A third thing that I feel is important with this kind of play is perfect information. You shouldn’t keep anything secret. If your character is a retired assassin, tell the others that so they can create situations around it. If you got a plan with the witch, tell the others that so they wont come up with something that blocks you, and so they wont be unprepared of what’s going on and instead can build on your ideas. Building is a crucial thing with this kind of thing.
You played with rotating GMs, and it’s so common that GM-free normally means that. Games like Fiasco and Polaris are examples this kind of play. There are some other ways of playing, if you want to try out something different.
Distributing the game master’s domain
One participant can take care of monsters, another of setting up intrigues. Example: Archipelago III
One character, several game masters
All game masters have prepared elements on their own that they will incorporate during the session. You need to take the others’ ideas into consideration when presenting your own. One participant plays a character, let say Conan, that the story is formed around. Example: The Coyotes in Chicago
The characters views the world
All participants have characters and the players in the scene must have their character present. Everything established are established from the characters’ eyes. You can perhaps spot an elf, but unless the elf says that it’s an assassin, the character doesn’t know that. Example: Dreamwake
One thing that differs the most from traditional play is that it’s usually one story per character. The only exception of all the games that I’ve mentioned above is The Coyotes of Chicago.

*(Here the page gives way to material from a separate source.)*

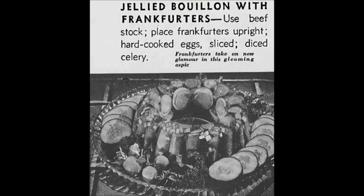Some of the worst offenders of these vintage recipes, you'll notice, involve gelatin. People really loved suspending things in aspic, and there's no reason to do it. It's just grody.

I got asked in an email for a more detailed view of how we used the story cubes. Matt and I would roll the dice, then take 3 or 4 that fit vaguely into our ideas. We’d look at the images on them and interpret those.

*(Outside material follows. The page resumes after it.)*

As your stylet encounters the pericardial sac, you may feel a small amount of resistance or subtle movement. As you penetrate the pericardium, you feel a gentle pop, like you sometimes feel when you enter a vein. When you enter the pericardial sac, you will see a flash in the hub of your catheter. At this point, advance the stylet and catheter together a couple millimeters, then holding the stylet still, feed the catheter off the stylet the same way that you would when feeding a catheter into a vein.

So, if we were trying to figure out what the NPC would be saying when we asked it about the key, lobster claws on one meant they might know about a monster living there. A mountain on another cube could mean that the thing we were asking the NPC about is in a mountain cave or is a long journey away. Maybe it meant that it was very high up, like on a floating piece of rock. For us, the cubes were just there to give us some ideas when we weren’t sure what to do next. We’d do broad interpretations of the images to spark creativity and get very symbolic about what they meant. Language flash cards or creativity flash cards would be another way to do the same thing.